How Many Jobs? Albert Lea's planners took as their objective "a [postwar] job paying a living wage for every worker who wanted one." The eleven biggest industries in the town (meat packing, machinery, etc.) were asked to write down their employment and business volume for 1940 as against 1943, and their hopes for the first year of peace. The eleven, encouraged by a 125% war expansion, figured they could employ 60% more people after the war than in 1940. Hearing this, the city's 442 other employers upped their own payroll estimates by 15%.
After figuring out how many soldiers would come back, how many war workers would leave, etc., Albert Lea calculated the exact size of its postwar unemployment problem: 593 workers, out of a total labor force of 6,571.
How Much Demand? Meanwhile, 130 "Victory Aides" canvassed three out of every ten city families, mailed questionnaires to a sample group of the county's farmers, to find the demand for durable goods (from autos to alarm clocks) in three different income groups. Examples of returns:
> A solid market exists in Freeborn County for 2,296 new cars, for 646 refrigerators, 578 furniture sets, 442 new city homes, 360 barns, 360 silos, 780 tractors, 810 prefabricated small farm buildings (Albert Lea has a factory that makes them), 986 vacation trips at an average cost of $176.

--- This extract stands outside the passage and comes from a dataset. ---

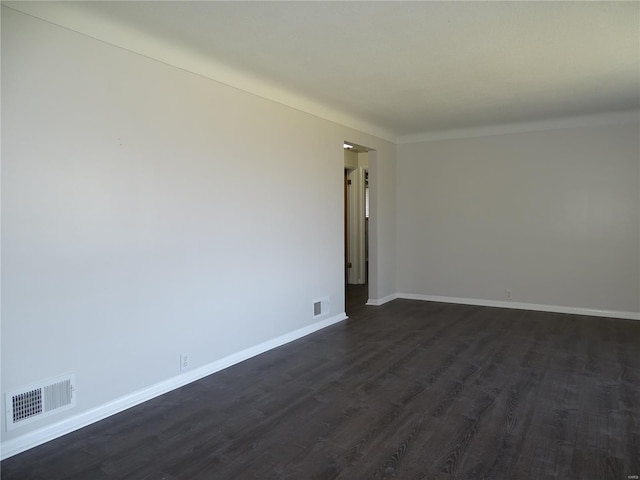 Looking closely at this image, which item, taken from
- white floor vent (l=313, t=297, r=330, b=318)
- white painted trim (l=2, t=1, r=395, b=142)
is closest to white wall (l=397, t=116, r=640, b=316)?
white floor vent (l=313, t=297, r=330, b=318)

> Freeborn farmers expect to pay for 50-75% of these goods out of current income. City families went in for heavier borrowing.
> The total two-year market for goods after the war added up to $12,374,900.
> City and county officials figured they could spend $405,000 on useful public works.
How Much Money? Two other groups went to work on the county's income and liquid assets.
A farm-committee poll concluded that the first postwar year would put $19,416,000 into the farmers' jeans, 165% above 1939 and only 4% below booming 1943. A banker's committee discovered that the 75% increase in Albert Lea's liquid assets in 1943 over 1941 was enough to pay outright for 55% of the new cars, homes, etc.
Where Do They Go from Here? Albert Lea's planners did not think they were anywhere near through when the last figure was added up. Said their report: "If jobs are not found for Albert Lea's 593 unemployed and for the men in the Albert Leas all over this country, private enterprise may lose its stake in the national economy. . . . Albert Lea is at work on that job."
*Its name came from an Army colonel who fell in love with its lakes and forests a century ago, wrote a pioneer book on Minnesota.
*The U.S. Chamber's similar estimates for the U.S. as a whole: an immediate postwar demand for $3.3 billion of automobiles for 3,675,000 families; 1,540,000 new homes ($7.2 billion worth) plus $7.5 billion in improvements and repairs; $1.2 billion of appliances (2,625,000 refrigerators, 1,085,000 kitchen mixers, etc.).